Whisper House

Duncan Sheik

Sony, 2009

http://duncansheik.com

REVIEW BY: Duke Egbert

ORIGINALLY PUBLISHED: 03/25/2009

"When everything is done / And everything is said / All the world is pain / It's better to be dead."

Duncan Sheik has made a career out of not pulling punches musically, culminating in the multiple-Tony-winning Spring Awakening, a musical drama about teen sexuality, hypocrisy, and Victorian morals. Because of that, he is one of the few musicians I consider qualified to handle the biggest question of all: Death, And What Happens Afterwards. And handle it he does on his latest offering, Whisper House -- the soundtrack to an as-yet-unproduced stage work, a collaboration between Sheik, Kyle Jarrow (A Very Merry Unauthorized Childrens' Scientology Pageantmy_heart_sings_the_harmony_web_ad_alt_250 ) and Keith Powell (30 Rock). Dark, dreamy, disturbing, Whisper House is the bastard offspring of Edward Gorey and Berthold Brecht, a Gothic poem about fear, death, reality, and persecution.

Needless to say -- but I'll say it anyway -- it's also pretty damned good.

Whisper House is the story of Christopher, whose father dies in World War II and whose mother becomes unbalanced as a result. Christopher goes to live with his Aunt Lily, who is a lighthouse keeper on the United States Atlantic coast, searching for German U-Boats. The lighthouse is haunted -- or is it? The ghosts, real or imagined, serve as a musical commentary on the drama of the living, people dealing with their wounds in a dark and paranoid time. (Much like now, interestingly enough. One of the multiple levels of Whisper House is an allegory on our world of Guantanamo Bay and Abu Ghraib.)

The music is magnificent.

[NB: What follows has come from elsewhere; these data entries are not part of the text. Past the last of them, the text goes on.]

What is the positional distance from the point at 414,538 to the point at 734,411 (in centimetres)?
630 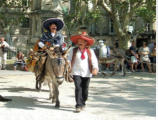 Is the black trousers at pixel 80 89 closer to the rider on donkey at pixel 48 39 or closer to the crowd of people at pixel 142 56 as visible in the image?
the rider on donkey at pixel 48 39

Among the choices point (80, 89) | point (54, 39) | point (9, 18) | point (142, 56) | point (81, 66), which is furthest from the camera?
point (9, 18)

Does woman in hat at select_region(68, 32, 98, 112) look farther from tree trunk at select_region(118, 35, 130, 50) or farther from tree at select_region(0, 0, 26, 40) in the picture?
tree at select_region(0, 0, 26, 40)

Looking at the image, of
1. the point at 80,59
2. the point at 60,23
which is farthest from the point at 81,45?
the point at 60,23

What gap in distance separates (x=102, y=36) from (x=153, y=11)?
22859mm

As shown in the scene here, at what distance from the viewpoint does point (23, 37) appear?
4547cm

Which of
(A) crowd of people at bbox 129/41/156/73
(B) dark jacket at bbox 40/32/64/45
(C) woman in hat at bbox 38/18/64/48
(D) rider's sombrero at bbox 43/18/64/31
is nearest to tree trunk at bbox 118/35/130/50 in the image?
(A) crowd of people at bbox 129/41/156/73

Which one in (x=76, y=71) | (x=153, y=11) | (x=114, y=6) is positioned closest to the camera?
(x=76, y=71)

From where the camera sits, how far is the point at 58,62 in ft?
26.4

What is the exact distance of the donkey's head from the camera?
7.98 m

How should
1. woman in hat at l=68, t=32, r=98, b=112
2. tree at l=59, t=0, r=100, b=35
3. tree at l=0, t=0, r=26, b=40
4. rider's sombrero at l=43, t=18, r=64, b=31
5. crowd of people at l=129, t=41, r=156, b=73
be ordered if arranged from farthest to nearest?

Sheik is rapidly becoming one of the greatest composers out there, and his brooding melodies and lyrics fit the subject matter perfectly. (Sheik shares co-lyricist credit with Jarrow on several tracks, and they fit with the others seamlessly). Whisper House is richer than Sheik's past work, laden with a surprisingly well-suited brass and reed section (including a veritable festival of clarinets -- bass, contrabass, and something called a 'chalumeau'). Guest vocalist Holly Brook's voice is chilling and precise. From the opening bars of "It's Better To Be Dead" through the closing "Take A Bow," Whisper House never lets go of the listener. I have listened to this CD probably fifty times since I got it, and I continue to hear new things every time. I didn't think that Sheik could top Spring Awakening -- and I was wrong.

Whisper House is both a parable for our dark days, a reminiscence of dark days in the past, and an eternal musing on the darkest topic of all -- the final curtain call that in the end, we all have to face alone. I can't come up with words to describe, in the end, just how good it is. Don't miss it.